Opened 3 weeks ago

Closed 3 weeks ago

Last modified 3 weeks ago

#2052 closed defect (invalid)

Slice module closes connection on upstream error codes 4xx and 5xx other than 416

Reported by: halaei@… Owned by:
Priority: major Milestone:
Component: nginx-core Version: 1.19.x
Keywords: slice Cc:
uname -a: Linux vivo 4.15.0-115-generic #116-Ubuntu SMP Wed Aug 26 14:04:49 UTC 2020 x86_64 x86_64 x86_64 GNU/Linux
nginx -V: nginx version: nginx/1.19.2
built by gcc 7.4.0 (Ubuntu 7.4.0-1ubuntu1~18.04.1)
built with OpenSSL 1.1.1 11 Sep 2018 (running with OpenSSL 1.1.1g 21 Apr 2020)
TLS SNI support enabled
configure arguments: --prefix=/etc/nginx --sbin-path=/usr/sbin/nginx --modules-path=/usr/lib/nginx/modules --conf-path=/etc/nginx/nginx.conf --error-log-path=/var/log/nginx/error.log --http-log-path=/var/log/nginx/access.log --pid-path=/var/run/nginx.pid --lock-path=/var/run/nginx.lock --http-client-body-temp-path=/var/cache/nginx/client_temp --http-proxy-temp-path=/var/cache/nginx/proxy_temp --http-fastcgi-temp-path=/var/cache/nginx/fastcgi_temp --http-uwsgi-temp-path=/var/cache/nginx/uwsgi_temp --http-scgi-temp-path=/var/cache/nginx/scgi_temp --user=nginx --group=nginx --with-compat --with-file-aio --with-threads --with-http_addition_module --with-http_auth_request_module --with-http_dav_module --with-http_flv_module --with-http_gunzip_module --with-http_gzip_static_module --with-http_mp4_module --with-http_random_index_module --with-http_realip_module --with-http_secure_link_module --with-http_slice_module --with-http_ssl_module --with-http_stub_status_module --with-http_sub_module --with-http_v2_module --with-mail --with-mail_ssl_module --with-stream --with-stream_realip_module --with-stream_ssl_module --with-stream_ssl_preread_module --with-cc-opt='-g -O2 -fdebug-prefix-map=/data/builder/debuild/nginx-1.19.2/debian/debuild-base/nginx-1.19.2=. -fstack-protector-strong -Wformat -Werror=format-security -Wp,-D_FORTIFY_SOURCE=2 -fPIC' --with-ld-opt='-Wl,-Bsymbolic-functions -Wl,-z,relro -Wl,-z,now -Wl,--as-needed -pie'

Description

Follwing instructions in https://docs.nginx.com/nginx/admin-guide/content-cache/content-caching/#slice, I enabled slice caching with a config similar to the following:

location / {
    slice             1m;
    proxy_cache       cache;
    proxy_cache_key   $uri$is_args$args$slice_range;
    proxy_set_header  Range $slice_range;
    proxy_cache_valid 200 206 1h;
    proxy_pass        http://localhost:8000;
}

I setup a mock upstream to send me response based on the provided headers and query params:

  1. "l" query param: length of the file
  2. "x-err" header: if presented the server respond with an error code and a json body instead of returning a 200/206 status code with a file in the body.
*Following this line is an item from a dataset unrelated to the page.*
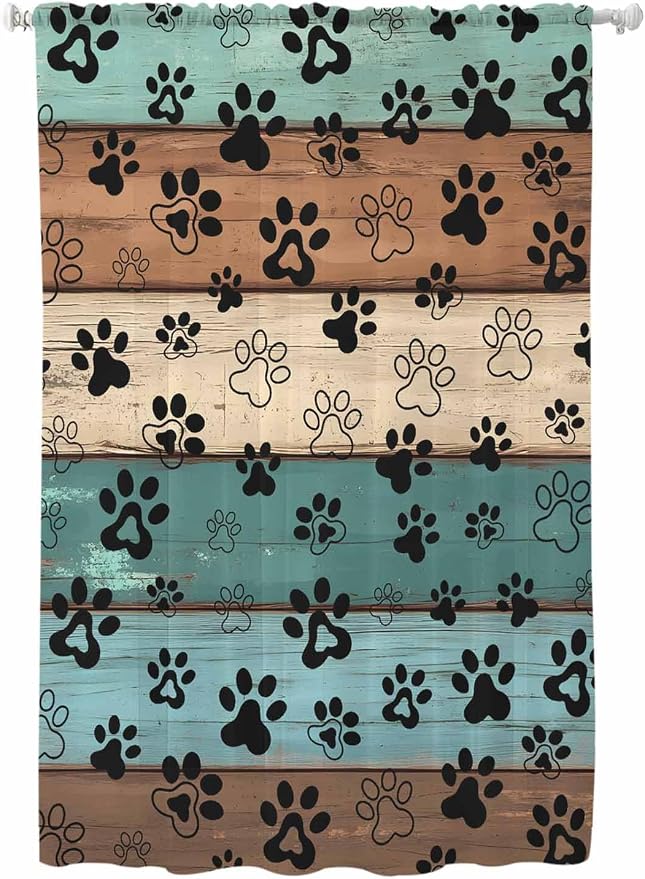 Sheer Curtains 63 Inch Length, Vintage Farmhouse Country Wooden Grain Privacy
First I send a request to get the first slice of 2MB file:

curl -X GET http://mycache.test/file?l=2000000 -H 'Range: bytes=0-1000000'

This causes nginx to successfully request for the first 1MB of the file, cache it and send the response back to the client.
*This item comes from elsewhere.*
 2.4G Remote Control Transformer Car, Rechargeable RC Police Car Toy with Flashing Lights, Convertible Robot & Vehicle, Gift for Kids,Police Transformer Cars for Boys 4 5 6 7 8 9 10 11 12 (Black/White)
Now if I send a request to get the whole file but set 'x-err' header to 403, the upstream respond with 403 for the second slice of the file, but nginx can't handle this situation and closes the connection without sending the error back to the client or clearing the cached files.

curl -X GET http://mycache.test/file>l=2000000 -H 'x-err: 403

My expectation would be for the server to either send the available range, or send 403 while clearing the cached slices depending on the situation (e.g. partial 206 response if available slices covers the beginning of the requested range and 403 otherwise).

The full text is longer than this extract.